8 februari 1987 – 14.05

Prijst God, de Almachtige Vader, Die Mij wederom vergunde de aarde te betreden om Mijn kinderen te begroeten en opnieuw Onze Boodschap te brengen.
Deze bedetocht is voor velen een feestdag, daar zij tesamen voor de 60ste maal door het land trekken om al biddende bij elkaar te komen voor de noden die men voelt en ondervindt.
Het is steeds een terugkerende offergezindheid met daarnaast de vreugde om hier te zijn, maar ook je Moeder is met uw komst verheugd. Doch naast deze blijdschap heerst er ook droefenis in Mijn Hart.
Want waar vind Ik nog vrede onder de kinderen der mensen ?
Welk schreiend leed doet men thans de “Moederkerk” aan ?
Mijn Hart krimpt ineen van pijn, omdat Mijn Priesterzoon, de Aartsbisschop van Nederland groot onrecht wordt aangedaan. Weinigen durven voor hem op te komen voor de rechtspraak, welke hij op Onze kinderen toepaste !
Waarom laten zij hem, evenals vele apostelen Jezus Christus deden, aan Zijn noodlot over ? Waarom verdedigt men hem niet ? Is het misschien de angst om herkend te worden ? Waar blijft dan de liefde voor zijn evennaasten ? Willen de meesten liever in de voetsporen van Petrus treden, door zich te verschuilen en daarmee te zeggen: “Ik ken die Man niet !”
Hoe durft men dan het geloof te belijden ? Geloof ligt in de geborgenheid en de liefde voor elkaar bevestigd. God zegt jou : “Mij moogt ge verlaten, maar Ik zal jou nimmer verlaten ! Ik heb je nodig !”
Welke is nu de ziel die God verheerlijkt ? Een ootmoedige, in onbekendheid levende, zich over niemand beklagende, zich voor allen vernederende en zichzelf vergetende ziel.

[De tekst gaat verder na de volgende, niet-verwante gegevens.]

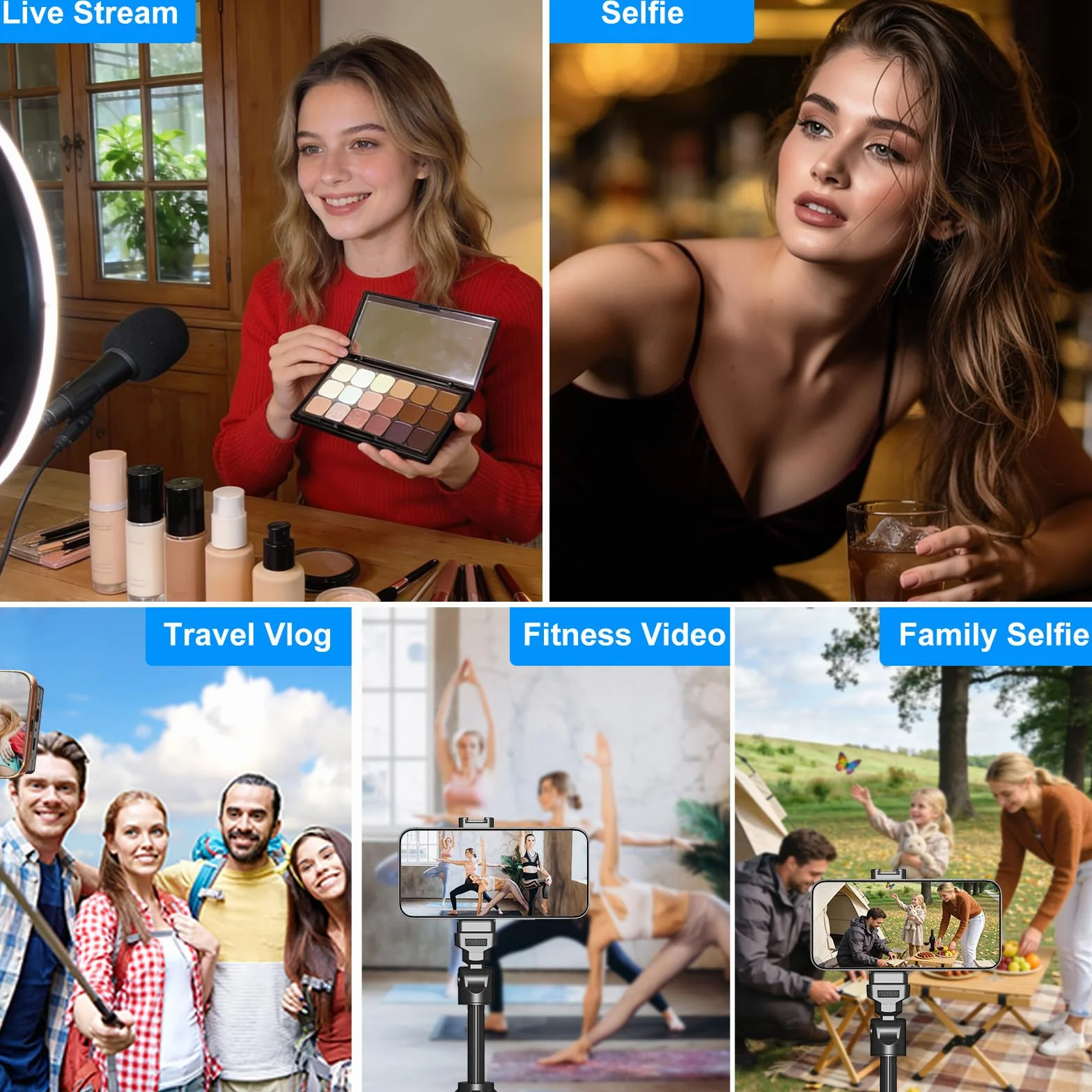 Newmowa Czarny Magnetyczny Telefon Vlog Selfie Monitor Ekran,1080P Nagrywanie Bezprzewodowe,Tylnej Kamery Telefonu Do Selfie LiveStream TikTok,Kompatybilny z iPhonem(Support 4K 30fps Wired Recording)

De oordelen Gods zijn verkieslijk boven die der wereld en wat Hij belooft is meer waard dan wat de wereld geven kan.
Treedt met alle ernst in de gedachten van Uw Moeder de Heilige Kerk, acht, gelijk Zij, de ijdele oordeelvellingen der mensen voor niets.
Dring dieper door in de Goddelijke Geboden, leg u ijverig toe op de kennis der evangelische raden en gij zult bemerken, dat al uw handelingen, ook de beste, oneindig ver van de volmaaktheid verwijderd zijn en dat gij de Geboden Gods ternauwernood naar de letter onderhoudt.
Door de overweging der Goddelijke Wet en der voorbeelden van Jezus Christus en hem die vervolgd wordt, zult gij de grond uwer verdorvenheid leren kennen, in uw goede werken nog vlekken bespeuren en er niet aan vinden, dat vrij is van gebreken.
Mijn trouwe toehoorders, die Ik kinderen noemen mag en ook altijd jullie Moeder zal blijven, bidt en vraagt God om vergeving voor hen, die Zijn trouwe Volgeling kwaad doen en vervolgen.
Ga waarheen gij wilt, Ik zal je overal volgen, want Ik wil met allen verenigd blijven, zo lang als Ik Moeder mag zijn.
In jou wil Ik blijven uitdrukken wat Ik wil zijn voor iedereen, de Zegenende Liefde.
Het zij zo !
Elisabeth vraag Mijn kinderen om te knielen om de zegen van Mijn Priesterzoon en Mijn Moedergebaar.